Task requirements =
After finding the line with "Papel de parede" in the entries below, retype exactly each line from there through the line with "The front page", including that final line.

(Caption-style text data)
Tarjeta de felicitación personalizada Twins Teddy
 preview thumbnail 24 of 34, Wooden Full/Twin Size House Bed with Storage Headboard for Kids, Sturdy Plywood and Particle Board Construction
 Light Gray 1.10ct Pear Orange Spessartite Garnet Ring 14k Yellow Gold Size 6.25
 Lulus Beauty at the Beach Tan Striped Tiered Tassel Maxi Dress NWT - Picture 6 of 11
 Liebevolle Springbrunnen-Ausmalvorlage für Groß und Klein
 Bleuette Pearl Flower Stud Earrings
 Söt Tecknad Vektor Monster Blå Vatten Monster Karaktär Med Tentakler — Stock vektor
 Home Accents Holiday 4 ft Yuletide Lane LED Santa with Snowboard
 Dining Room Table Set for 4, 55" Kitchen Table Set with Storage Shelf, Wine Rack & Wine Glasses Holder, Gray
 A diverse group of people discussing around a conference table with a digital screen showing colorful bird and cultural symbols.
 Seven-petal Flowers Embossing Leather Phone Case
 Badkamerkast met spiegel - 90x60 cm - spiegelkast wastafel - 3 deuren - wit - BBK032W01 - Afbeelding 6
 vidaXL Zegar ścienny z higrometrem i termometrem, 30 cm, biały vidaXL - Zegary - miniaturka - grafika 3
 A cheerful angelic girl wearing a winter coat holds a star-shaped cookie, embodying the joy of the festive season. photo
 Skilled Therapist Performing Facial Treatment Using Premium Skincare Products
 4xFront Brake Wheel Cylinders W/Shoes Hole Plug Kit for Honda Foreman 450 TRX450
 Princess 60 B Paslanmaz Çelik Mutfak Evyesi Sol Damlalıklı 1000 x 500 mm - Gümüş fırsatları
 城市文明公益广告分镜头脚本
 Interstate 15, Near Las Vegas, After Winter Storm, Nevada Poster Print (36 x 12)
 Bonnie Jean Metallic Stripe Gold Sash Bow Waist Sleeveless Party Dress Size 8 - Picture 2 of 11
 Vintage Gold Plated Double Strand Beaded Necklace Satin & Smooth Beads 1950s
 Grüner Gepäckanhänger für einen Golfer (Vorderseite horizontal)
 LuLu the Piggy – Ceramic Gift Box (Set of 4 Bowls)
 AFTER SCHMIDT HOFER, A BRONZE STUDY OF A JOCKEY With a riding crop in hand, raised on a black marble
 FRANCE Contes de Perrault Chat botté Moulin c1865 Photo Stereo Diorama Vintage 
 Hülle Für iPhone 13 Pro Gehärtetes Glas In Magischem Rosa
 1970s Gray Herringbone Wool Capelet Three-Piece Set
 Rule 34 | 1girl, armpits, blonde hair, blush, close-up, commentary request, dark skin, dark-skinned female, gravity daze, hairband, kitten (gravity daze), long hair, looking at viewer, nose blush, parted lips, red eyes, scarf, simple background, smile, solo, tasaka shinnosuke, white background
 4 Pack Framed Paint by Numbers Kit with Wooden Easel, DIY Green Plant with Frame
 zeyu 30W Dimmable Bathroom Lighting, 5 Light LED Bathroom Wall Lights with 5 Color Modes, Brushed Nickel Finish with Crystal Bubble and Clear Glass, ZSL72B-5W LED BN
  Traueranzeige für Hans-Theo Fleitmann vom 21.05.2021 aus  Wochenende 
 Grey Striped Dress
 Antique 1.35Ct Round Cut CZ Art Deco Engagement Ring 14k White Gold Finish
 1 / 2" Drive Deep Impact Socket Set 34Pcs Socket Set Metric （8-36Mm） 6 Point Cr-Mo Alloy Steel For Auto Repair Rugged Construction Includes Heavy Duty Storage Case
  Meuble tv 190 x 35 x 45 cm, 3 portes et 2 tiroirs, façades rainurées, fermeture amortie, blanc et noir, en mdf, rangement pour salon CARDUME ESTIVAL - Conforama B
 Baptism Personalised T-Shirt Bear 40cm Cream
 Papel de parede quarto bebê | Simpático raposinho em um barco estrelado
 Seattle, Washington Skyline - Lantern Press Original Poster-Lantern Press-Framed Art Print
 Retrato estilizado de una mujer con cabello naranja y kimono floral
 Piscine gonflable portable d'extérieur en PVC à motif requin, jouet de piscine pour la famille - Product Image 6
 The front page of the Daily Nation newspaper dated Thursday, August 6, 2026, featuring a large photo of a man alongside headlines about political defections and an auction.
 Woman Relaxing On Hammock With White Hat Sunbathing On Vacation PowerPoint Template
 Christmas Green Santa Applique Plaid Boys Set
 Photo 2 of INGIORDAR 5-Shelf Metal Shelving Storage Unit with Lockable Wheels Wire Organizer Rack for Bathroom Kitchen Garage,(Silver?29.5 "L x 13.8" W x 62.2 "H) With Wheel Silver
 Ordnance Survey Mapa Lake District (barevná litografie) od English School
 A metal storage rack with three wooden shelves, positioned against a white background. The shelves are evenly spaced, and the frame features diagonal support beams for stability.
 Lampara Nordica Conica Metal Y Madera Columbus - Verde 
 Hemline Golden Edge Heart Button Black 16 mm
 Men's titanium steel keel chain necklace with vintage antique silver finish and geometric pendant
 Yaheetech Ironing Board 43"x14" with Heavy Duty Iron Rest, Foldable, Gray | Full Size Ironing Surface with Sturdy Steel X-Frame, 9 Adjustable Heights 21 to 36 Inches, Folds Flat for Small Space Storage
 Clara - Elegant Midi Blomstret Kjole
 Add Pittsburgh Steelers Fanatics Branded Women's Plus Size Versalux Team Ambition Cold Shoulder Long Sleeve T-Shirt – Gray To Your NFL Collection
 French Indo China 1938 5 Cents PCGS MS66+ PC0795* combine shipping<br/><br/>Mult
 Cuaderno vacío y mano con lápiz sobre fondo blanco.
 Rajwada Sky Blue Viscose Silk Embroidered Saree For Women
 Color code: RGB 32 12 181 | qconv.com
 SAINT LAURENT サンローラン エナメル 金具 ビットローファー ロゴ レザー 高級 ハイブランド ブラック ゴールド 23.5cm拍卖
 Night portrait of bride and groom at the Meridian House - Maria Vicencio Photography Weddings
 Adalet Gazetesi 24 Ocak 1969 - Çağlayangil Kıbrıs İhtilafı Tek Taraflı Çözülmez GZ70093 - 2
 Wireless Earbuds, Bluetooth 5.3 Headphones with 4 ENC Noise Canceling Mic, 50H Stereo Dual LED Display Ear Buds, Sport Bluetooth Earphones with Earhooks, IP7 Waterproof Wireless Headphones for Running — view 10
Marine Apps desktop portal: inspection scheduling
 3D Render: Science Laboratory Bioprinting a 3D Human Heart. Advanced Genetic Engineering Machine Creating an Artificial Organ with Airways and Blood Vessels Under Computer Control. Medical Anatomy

Task output =
 Papel de parede quarto bebê | Simpático raposinho em um barco estrelado
 Seattle, Washington Skyline - Lantern Press Original Poster-Lantern Press-Framed Art Print
 Retrato estilizado de una mujer con cabello naranja y kimono floral
 Piscine gonflable portable d'extérieur en PVC à motif requin, jouet de piscine pour la famille - Product Image 6
 The front page of the Daily Nation newspaper dated Thursday, August 6, 2026, featuring a large photo of a man alongside headlines about political defections and an auction.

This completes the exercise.